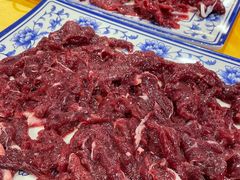 牛花焦-大戚饭店(泰华路店)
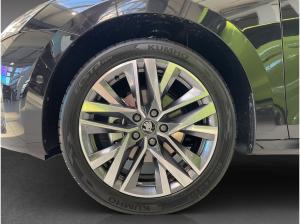 Skoda Octavia Combi Balance 1.5 TSI mHEV AHK NAVI SHZ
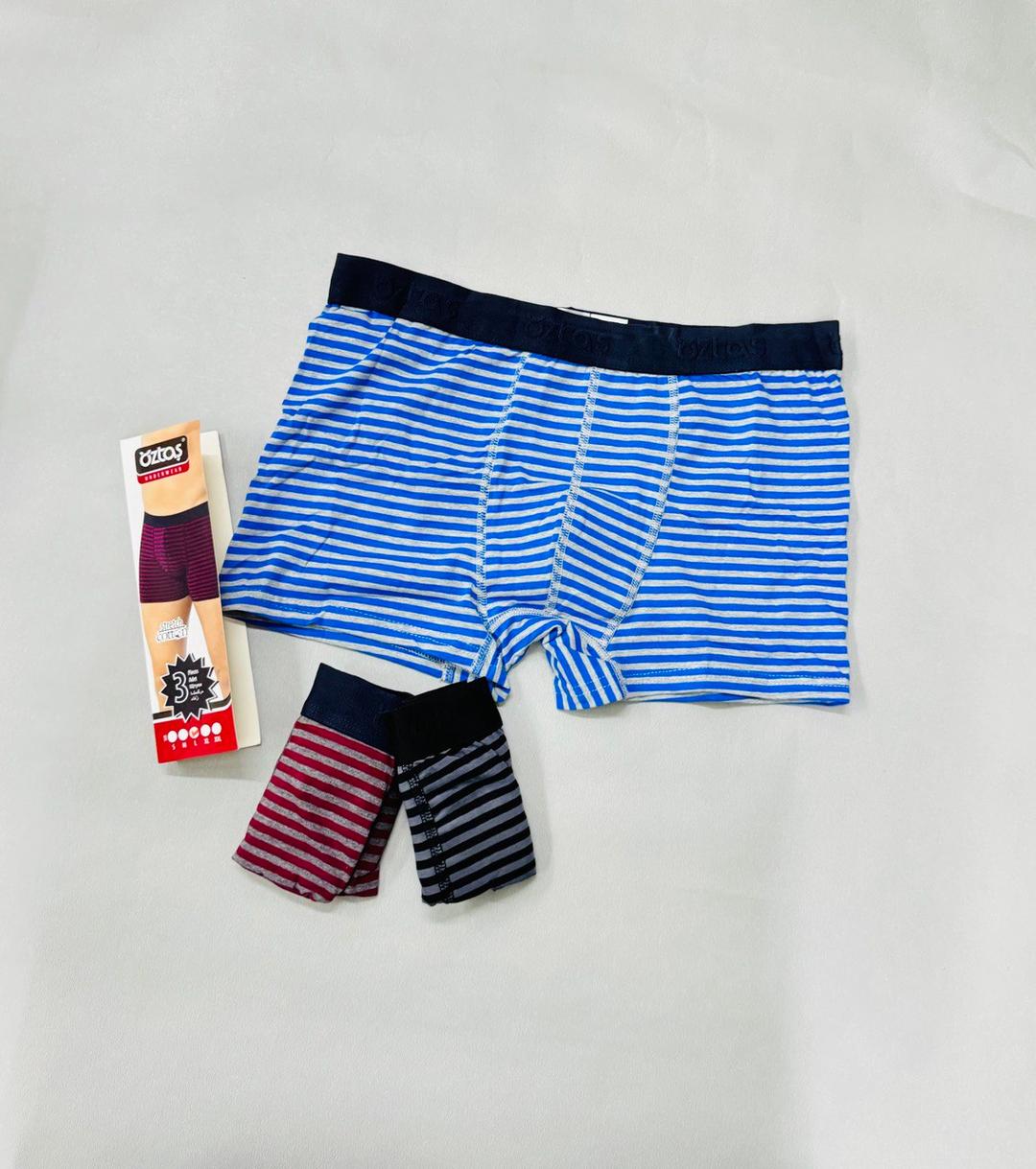 Öztaş men's panties boxers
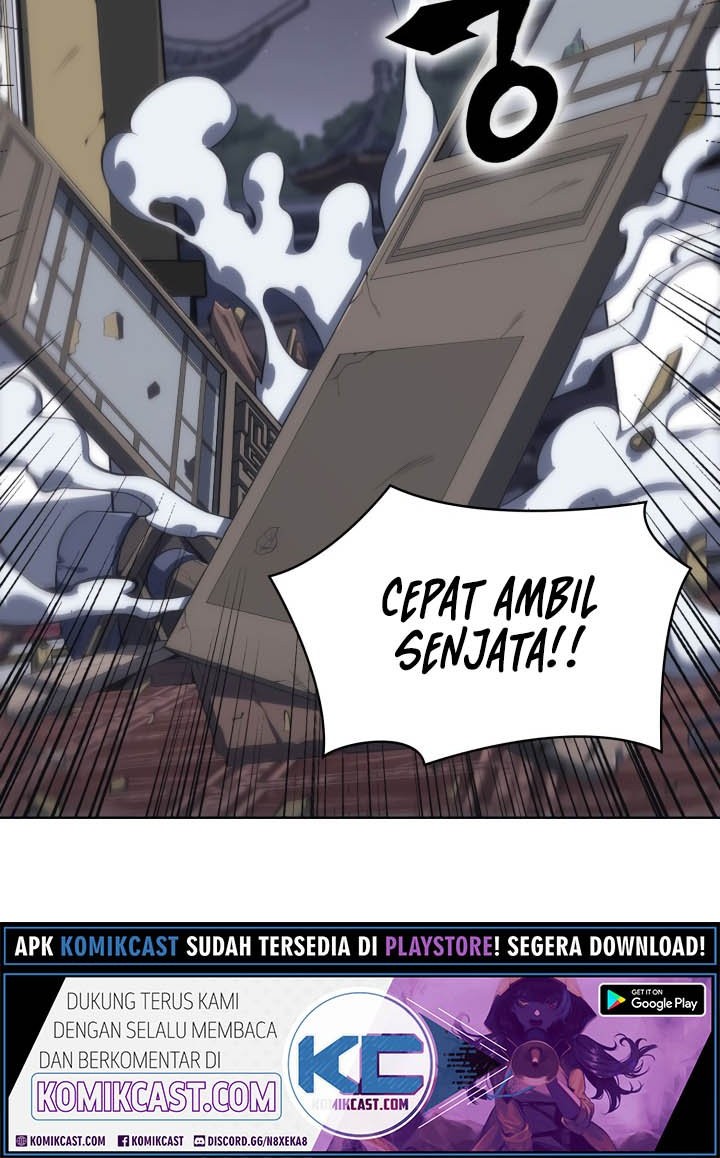 MookHyang – The Origin Chapter 21 - halaman 35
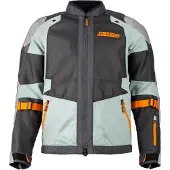 KLIM Baja S4 Enduro Mesh Moottoripyörän tekstiilitakki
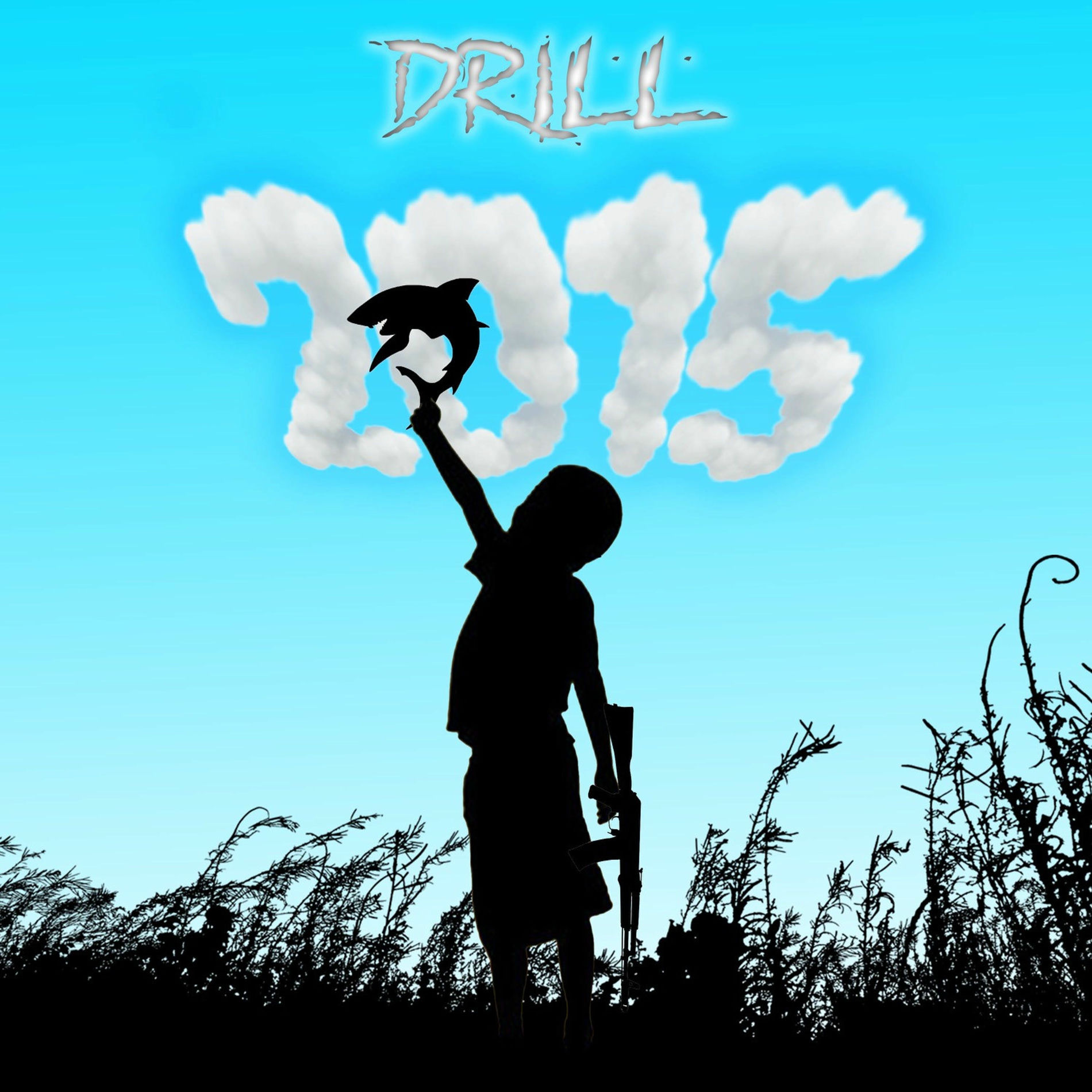 Album cover of 2015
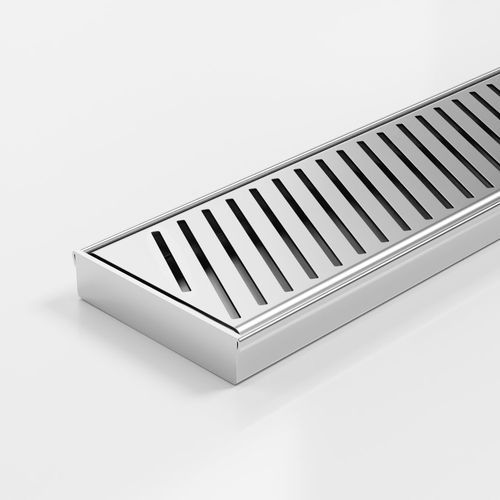 100PASi20MTL Linear Drainage System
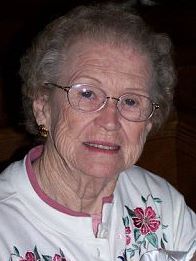 Mary E. (Nagel)  Johnson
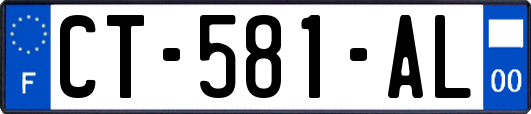 CT-581-AL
========================================
** PROBLEM TO SOLVE **
Could you write out exactly the lines from the line containing "MookHyang – The" to the end of the material, and nothing else? No pictures belong in the copy.

** OUTPUT OF THE EXERCISE **
 MookHyang – The Origin Chapter 21 - halaman 35
 KLIM Baja S4 Enduro Mesh Moottoripyörän tekstiilitakki
 Album cover of 2015
 100PASi20MTL Linear Drainage System
 Mary E. (Nagel)  Johnson
 CT-581-AL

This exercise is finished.